The evidence for octopus intelligence is so overwhelming that they are categorised as honorary vertebrates when it comes to experiments. They are the only invertebrates protected by the Animal (Scientific Procedures) Act of 1986. That has posed a question for many people. Should you treat an octopus as you would an escargot, given they are both molluscs? Is it morally acceptable to eat octopuses?

This is the old cannibal question: at what point do you draw the line? What or who is acceptable as food? The idea of intelligence plays a significant part in this fraught area of personal and societal choice. In the developed nations of the West we don’t eat monkeys, still less apes. They’re too much like us.

If you’re intelligent enough to have a personality, you’re quite a bit like us: that’s our rough-and-ready understanding of the world. We don’t eat dogs in this country and have a horror of those who do. It’s the same with horses: in 2013, £300 million was wiped off Tesco’s share value after it was found selling burgers that contained horse meat.
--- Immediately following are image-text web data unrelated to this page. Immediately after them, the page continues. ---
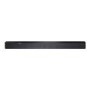 Bose Smart Soundbar 300 - Black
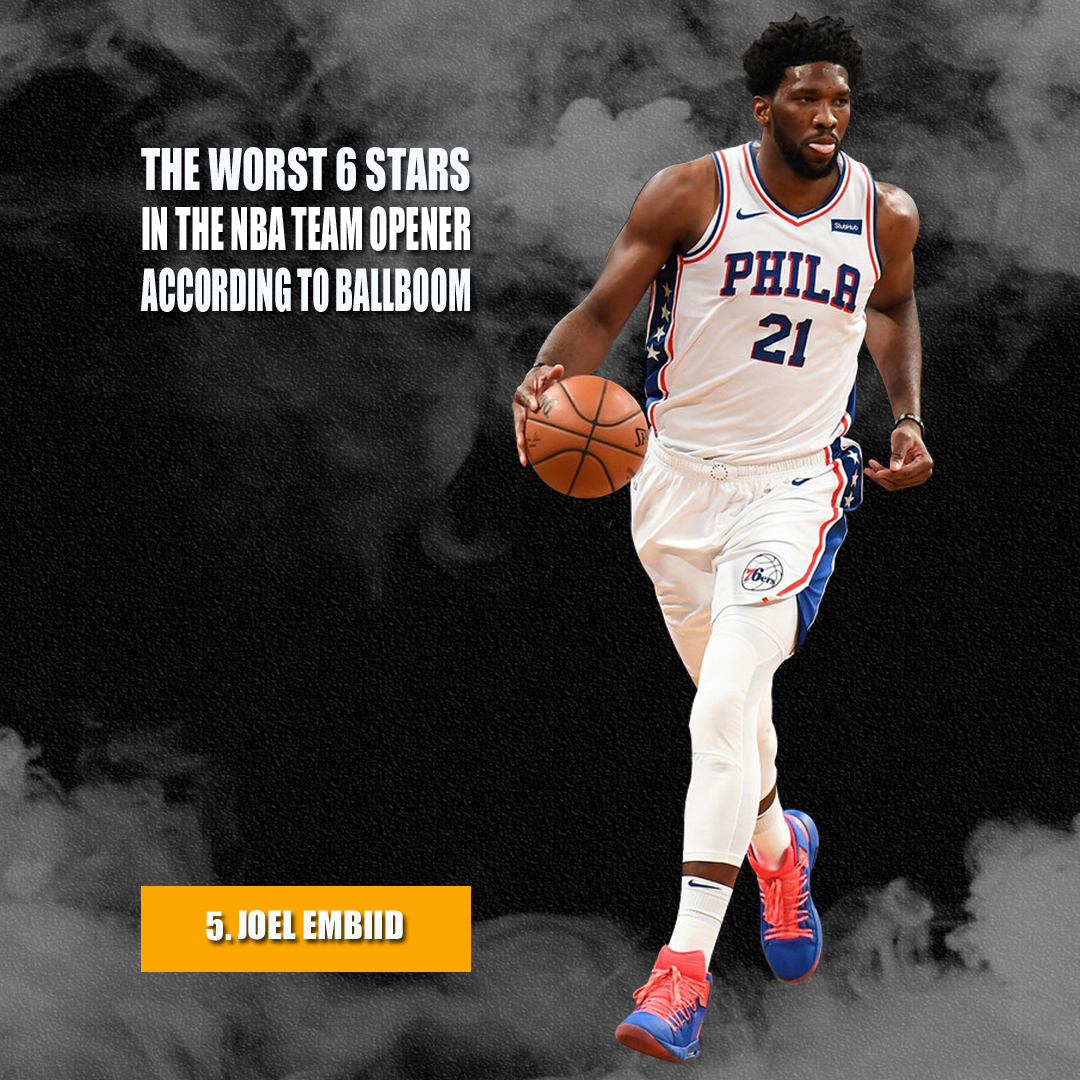 8次助攻 8次助攻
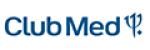Club Med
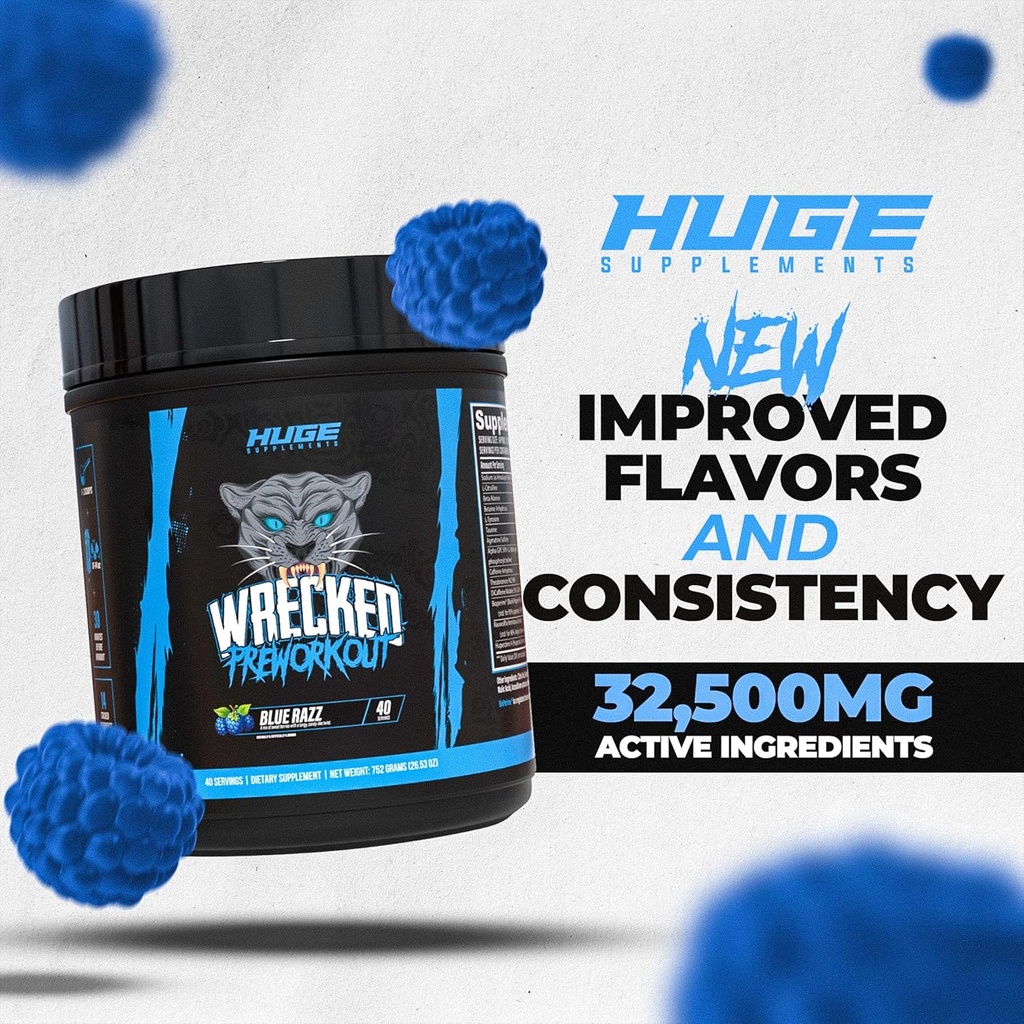 wrecked-pre-workout-powder-advanced-form-5.jpg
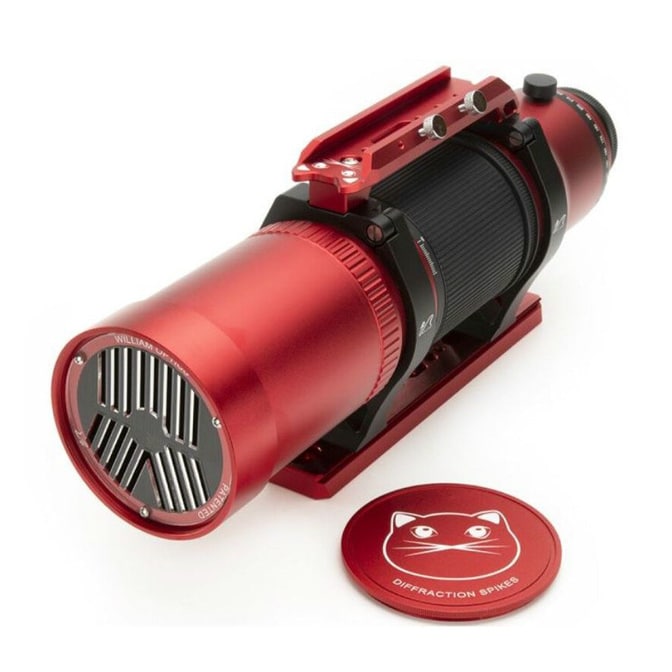 Redcat 71 2.jpg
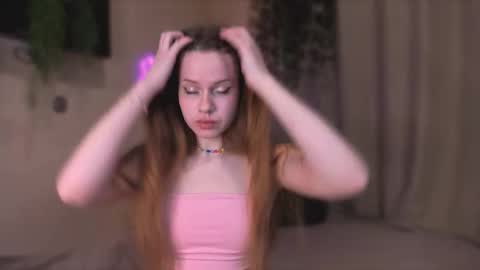 stacyloveforu online show from December 2, 2:02 am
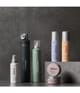 Revlon Professional Style Masters Glanzspray 300 ml 8432225096810 detail-shot_de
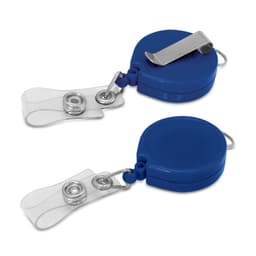 Alta Retractable ID Holder - image 12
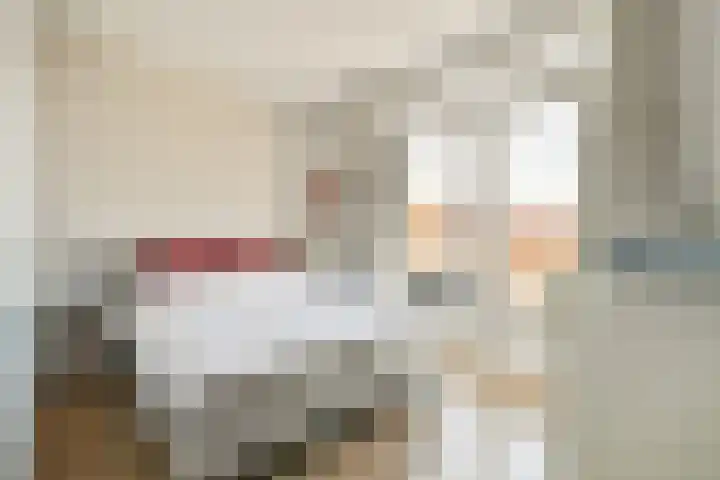Zuideinde 141 A Koog aan de Zaan thumbnail 12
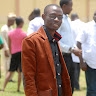 Ameh Ugbede
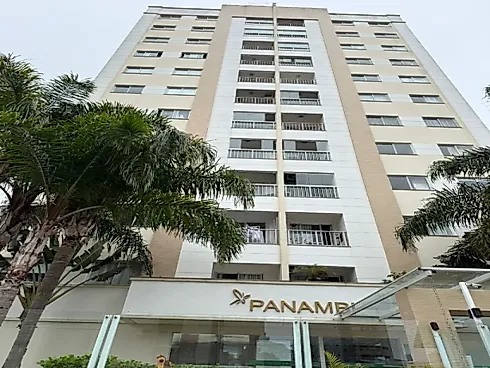 Nossa Senhora do Rosário, São José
Travellers to some parts of America are often disturbed to find dolphin on the menu — they don’t want to eat a mammal widely celebrated for its intelligence. But in fact it’s a local nickname for a fish otherwise known as mahi-mahi.

Commercial hunting of whales was banned in 1986, though limited whaling still continues and some countries, notably Iceland, Norway and Japan, are keen to start up again. The ban came about because of the looming extinction of many species — and because of recent discoveries about whale intelligence. The ban is a rare example of humans making a decision against their own immediate interests.

We make rather a point of denying the intelligence of the creatures that we do routinely eat: cows, sheep and chickens are usually portrayed as silly. Pigs are clearly intelligent, but they are contemptible and that makes their consumption OK. To call anyone a cow, sheep, pig or chicken is an insult. We need to despise what’s on the menu but we can’t despise intelligence, as that would be to despise ourselves.

Jeremy Bentham nailed the issue in the 18th century: ‘The question is not, Can they reason?, nor Can they talk? but, Can they suffer? Why should the law refuse its protection to any sensitive being?’

The issue of food choice is deeply personal. Emotional and ethical concerns have been changing diets over the past half--century. The octopus documentary has raised further sensibilities: can we really eat creatures that are so much like us? But the fact is that animals are not like us. They are us. We all belong to the kingdom Animalia. We have tried again and again to deny it across the millennia, but it’s unavoidable. The octopus proves that truth.